The two scaling schemes just discussed result in an increased on-chip operating speed proportional to the scaling constant; however, the operating speed of a circuit is not necessarily limited by the inherent inverter delay; rather, it is presently limited by the time required to charge a capacitive load. The constant field scaling scheme calls for a reduction of both the voltage and the maximum drive current by the scaling factor S and, consequently, the switching speed of an inverter is proportional to the scaling of the load capacitance. This applies to both on-chip circuitry and output line drivers. In the on-chip case, the load capacitance is reduced by S and on-chip speed increases by S. For output drivers however, the load capacitance from subsequent inputs, packages, circuit boards, connectors, etc., is not reduced and off-chip speed would remain unaffected by device scaling. Therefore the development of lower capacitance input-output techniques are necessary to exploit VLSI and VHSIC chips.

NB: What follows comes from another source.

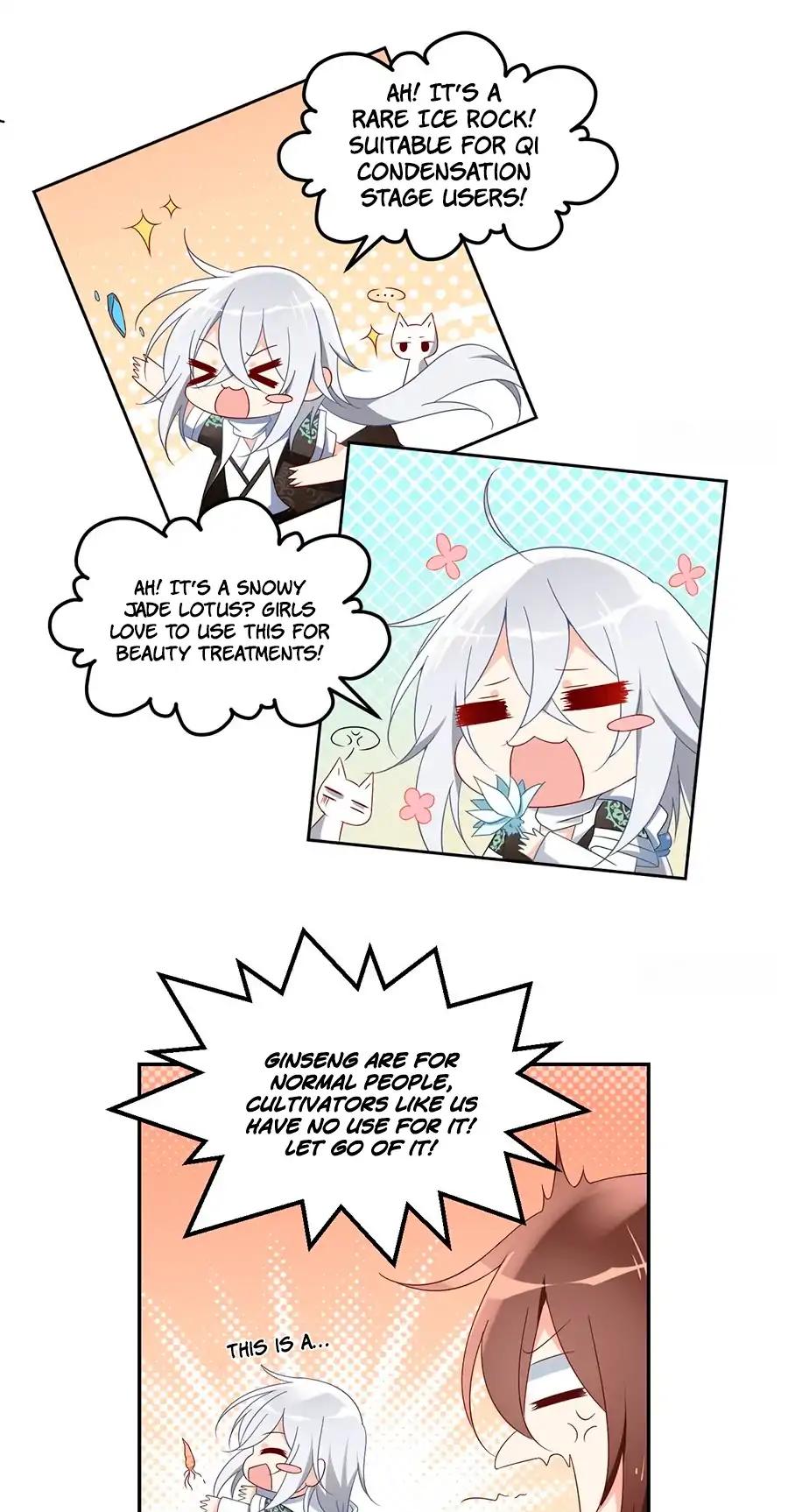 The Distinguished Cute Master Chapter 94 page 15 - Chapter 94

The last root cause of problems associated with data transfer to and from VSLI and VHSIC chips is the power dissipation. For a silicon chip operating at room temperature, the maximum possible heat conduction through the silicon to the package is approximately 20-watts/cm.sup.2. However the maximum rate at which heat can be removed from the package by forced air cooling is less than 1-watt/cm.sup.2. Therefore, any air cooled system must provide a cooling area at least twenty times greater than the chip area if the chips are to be operated at their internal heat conduction limit. The foregoing analysis ignores other heat sources such as external resisters and power supplies which increase the heat load without increasing the number of gates in the system. For liquid cooled systems cooling rates up to 7-watts/cm.sup.2 have been reported. These liquid cooling systems are more applicable to fixed systems than to mobile systems. Typically 10-25% of the power consumed by VLSI or VHSIC are due to output buffers. Increased performance requirements for output buffers will increase this percentage and further aggravate the cooling problem. Any new output scheme must address the power consumption limitation.
Therefore, a continuing need exists in the state-of-the-art for an apparatus and method for improving the data transfer capabilities to and preferably from VLSI and VHSIC chips that avoids the root causes of input/output limitations as discussed hereinabove.